During the summer of 2004, Ms. Hughes became pregnant through her relationship with another man; the baby is due in March 2005. In October, a court commissioner signed the final orders to implement the divorce. Spokane County Superior Court Judge Paul Bastine revoked the dissolution decree when he learned from the County Prosecutor's Office that Ms. Hughes is pregnant. In his oral ruling, the judge said that pregnant women could not divorce their husbands until after giving birth. The judge believed he was acting to protect the interest of the future child by insuring that he or she would not be born out of wedlock. The Spokane County Prosecutor's Office, acting on behalf of the state, agreed with the judge.

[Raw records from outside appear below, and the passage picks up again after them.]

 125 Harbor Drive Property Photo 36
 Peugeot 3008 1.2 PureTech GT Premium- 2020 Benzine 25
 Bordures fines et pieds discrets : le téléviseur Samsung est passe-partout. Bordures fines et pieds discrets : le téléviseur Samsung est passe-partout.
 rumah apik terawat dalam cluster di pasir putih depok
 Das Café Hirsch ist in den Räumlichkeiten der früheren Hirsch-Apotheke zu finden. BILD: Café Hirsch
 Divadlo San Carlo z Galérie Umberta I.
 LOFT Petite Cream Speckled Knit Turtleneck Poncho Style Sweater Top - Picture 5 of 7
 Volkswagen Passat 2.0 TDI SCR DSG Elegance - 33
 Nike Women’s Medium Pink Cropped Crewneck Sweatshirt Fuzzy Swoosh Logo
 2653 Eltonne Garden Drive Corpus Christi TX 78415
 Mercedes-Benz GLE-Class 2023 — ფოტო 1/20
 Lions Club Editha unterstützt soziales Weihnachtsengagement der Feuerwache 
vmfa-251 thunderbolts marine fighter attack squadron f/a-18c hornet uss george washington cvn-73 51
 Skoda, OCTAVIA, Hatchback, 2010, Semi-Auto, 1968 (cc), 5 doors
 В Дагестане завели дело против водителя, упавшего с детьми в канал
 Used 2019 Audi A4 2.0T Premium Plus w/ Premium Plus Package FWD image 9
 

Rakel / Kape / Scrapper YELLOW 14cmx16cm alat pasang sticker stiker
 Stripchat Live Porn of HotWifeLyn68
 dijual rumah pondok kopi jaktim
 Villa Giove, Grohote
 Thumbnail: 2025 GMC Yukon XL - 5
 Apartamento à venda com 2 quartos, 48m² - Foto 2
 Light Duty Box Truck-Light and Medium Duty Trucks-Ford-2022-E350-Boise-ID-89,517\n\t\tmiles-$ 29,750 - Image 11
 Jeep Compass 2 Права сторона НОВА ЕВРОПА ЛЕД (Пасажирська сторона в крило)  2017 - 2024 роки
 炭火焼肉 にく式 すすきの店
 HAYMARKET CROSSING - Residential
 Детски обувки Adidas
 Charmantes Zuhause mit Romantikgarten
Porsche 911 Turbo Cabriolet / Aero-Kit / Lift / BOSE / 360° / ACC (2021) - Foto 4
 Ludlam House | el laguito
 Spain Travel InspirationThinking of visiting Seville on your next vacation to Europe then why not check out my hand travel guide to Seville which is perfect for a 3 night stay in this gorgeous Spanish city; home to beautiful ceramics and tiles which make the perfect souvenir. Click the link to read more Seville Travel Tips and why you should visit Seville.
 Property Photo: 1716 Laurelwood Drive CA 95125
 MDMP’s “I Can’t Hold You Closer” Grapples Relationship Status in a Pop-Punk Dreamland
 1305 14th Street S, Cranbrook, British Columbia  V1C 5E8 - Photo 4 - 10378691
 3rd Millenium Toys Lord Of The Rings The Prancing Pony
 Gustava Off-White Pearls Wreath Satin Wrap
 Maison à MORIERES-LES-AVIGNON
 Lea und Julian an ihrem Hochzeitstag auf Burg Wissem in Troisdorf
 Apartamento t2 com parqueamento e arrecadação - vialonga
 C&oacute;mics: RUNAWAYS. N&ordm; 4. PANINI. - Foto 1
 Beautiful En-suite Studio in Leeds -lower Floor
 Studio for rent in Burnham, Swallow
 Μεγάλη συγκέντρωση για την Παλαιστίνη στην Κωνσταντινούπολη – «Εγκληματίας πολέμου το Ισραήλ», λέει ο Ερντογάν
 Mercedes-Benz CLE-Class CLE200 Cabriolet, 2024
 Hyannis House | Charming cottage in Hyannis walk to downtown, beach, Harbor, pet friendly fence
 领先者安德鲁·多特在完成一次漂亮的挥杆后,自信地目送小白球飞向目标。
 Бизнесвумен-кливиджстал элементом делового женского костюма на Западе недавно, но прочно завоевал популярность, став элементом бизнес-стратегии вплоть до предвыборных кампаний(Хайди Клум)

State officials asserted that granting the divorce would leave the state unable to pursue the father for financial support.
However, there is no statutory authority for the judge's action. Washington is a no-fault divorce state, and the Court has no discretion to deny a properly made petition for dissolution. The judge's action reflected an archaic view of illegitimacy. By law, a child born to parents who are not married to each other has the same rights as a child whose parents are married. Further, the state's Parentage Act provides that any questions about parentage can be resolved by a paternity test, and the man determined to be the father will have financial responsibility regardless of marital status.
The friend-of-the-court brief was written by ACLU-WA board member Trilby Robinson-Dorn, Northwest Women's Law Center cooperating attorney Kristin Boraas, and Law Center staff attorney Nancy Sapiro. Several organizations advocating for women's rights have joined the brief, including the Refugee and Immigrant Forum; the Washington State Coalition against Domestic Violence; NARAL Pro-Choice Washington; the National Coalition against Domestic Violence; Washington NOW; the Washington Coalition of Sexual Assault Programs; Stop Family Violence; and the Family Violence Prevention Fund.